Text containing non-alphabetic symbols may have additional meaning beyond simply using punctuation or numbers. For example, text may contain URLs, hashtags, or numbers. Each of these are informative in their own right.

However, we rarely care about the exact URL used in a tweet. Similarly, we might not care about specific hashtags, or the precise number used. While, we could remove them completely, it's often informative to know that there *exists* a URL, hashtag, or number.

So, we replace individual URLs, hashtags, and numbers with a "symbol" that preserves the fact these structures exist in the text. It's standard to just use the strings "URL", "HASHTAG", and "DIGIT".

Since these types of text often contain precise structure, they're an apt case for using regular expressions. Let's apply these patterns to the Tweets above.

In [25]:
# Get a Tweet with a URL in it
url_tweet = tweets['text'].iloc[13]
print(url_tweet)

@VirginAmerica @virginmedia I'm flying your #fabulous #Seductive skies again! U take all the #stress away from travel http://t.co/ahlXHhKiyn


In [26]:
# URL 
url_pattern = r'(http|ftp|https):\/\/([\w_-]+(?:(?:\.[\w_-]+)+))([\w.,@?^=%&:\/~+#-]*[\w@?^=%&\/~+#-])'
url_repl = ' URL '
re.sub(url_pattern, url_repl, url_tweet)

"@VirginAmerica @virginmedia I'm flying your #fabulous #Seductive skies again!
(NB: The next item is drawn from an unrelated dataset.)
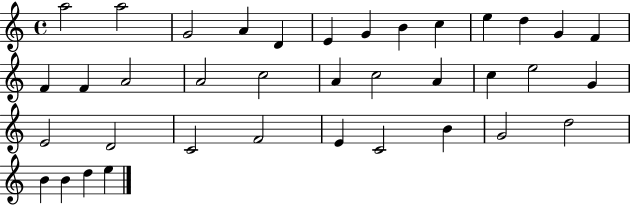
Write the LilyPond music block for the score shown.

U take all the #stress away from travel  URL "

In [27]:
# Hashtag
hashtag_pattern = r'(?:^|\s)[＃#]{1}(\w+)'
hashtag_repl = ' HASHTAG '
re.sub(hashtag_pattern, hashtag_repl, url_tweet)

"@VirginAmerica @virginmedia I'm flying your HASHTAG  HASHTAG  skies again! U take all the HASHTAG  away from travel http://t.co/ahlXHhKiyn"

In [28]:
# Digits
digit_tweet = tweets['text'].iloc[32]
print(digit_tweet)
digit_pattern = '\d+'
digit_repl = ' DIGIT '
re.sub(digit_pattern, digit_repl, digit_tweet)

@VirginAmerica help, left expensive headphones on flight 89 IAD to LAX today. Seat 2A. No one answering L&amp;F number at LAX!


'@VirginAmerica help, left expensive headphones on flight  DIGIT  IAD to LAX today. Seat  DIGIT A. No one answering L&amp;F number at LAX!'

What other kinds of text strings can you think of that we might want to replace?

Natural language is complex, and so there may be use cases where we might need specialized packages for preprocessing or removing text. For example, the [`emoji` package](https://pypi.org/project/emoji/) may be useful for social media text. The [`textacy` package](https://textacy.readthedocs.io/en/latest/) also provides useful preprocessing tools.

---

### Challenge 3: Text Cleaning with Multiple Steps

In Challenge 1, we imported many Amazon reviews, and stored them in a variable called `reviews`. Each element of the list is a string, representing the text of a single review. For each review:

* Replace any URLs and digits.
* Make all characters lower case.
* Strip all blankspace.

Keep in mind: the order in which you do these steps matters!

---

In [29]:
def preprocess(text):
    # YOUR CODE HERE
    """Preprocesses a string."""
    # Lowercase
    text = text.lower()
    # Replace URLs
    url_pattern = r'https?:\/\/.*[\r\n]*'
    url_repl = ' URL '
    text = re.sub(url_pattern, url_repl, text)
    # Replace digits
    digit_pattern = '\d+'
    digit_repl = ' DIGIT '
    text = re.sub(digit_pattern, digit_repl, text)
    # Remove blank spaces
    blankspace_pattern = r'\s+'
    blankspace_repl = ' '
    text = re.sub(blankspace_pattern, blankspace_repl, text)
    # Strip
    return text.strip()

In [30]:
reviews_prepocessed = [preprocess(review) for review in reviews]

In [31]:
print(reviews_prepocessed[0])

we have a DIGIT week old... he had gas and constipation problems for the first DIGIT weeks. we tried two different kinds of similac including for fussiness and gas and neither seemed to work. we switched to the organic a few weeks ago and saw quick improvement. i wish i could breast feed but i'm unable to, so for now this seems the best option especially since it was recommended we stick with a ready made formula for the gas problems.<br />ive read a lot of the reviews and took into consideration the information about sucrose. i plan on talking to the pediatrician and my midwife for additional information beyond the article written about it, especially since that is from DIGIT . i realize the concern and i am doing research on making my own formula so i know exactly whats in it and that its organic, but in the mean time baby l eats great with this, is healthy, and has fewer stomach problems. it's middle of the road when it comes to $ - although amazn is one of the more expensive places

## Tokenization

One of the most important steps in text analysis is tokenization. This is the process of breaking down the text into "tokens", which are distinct chunks that we recognize as unique in whatever corpus we're working in.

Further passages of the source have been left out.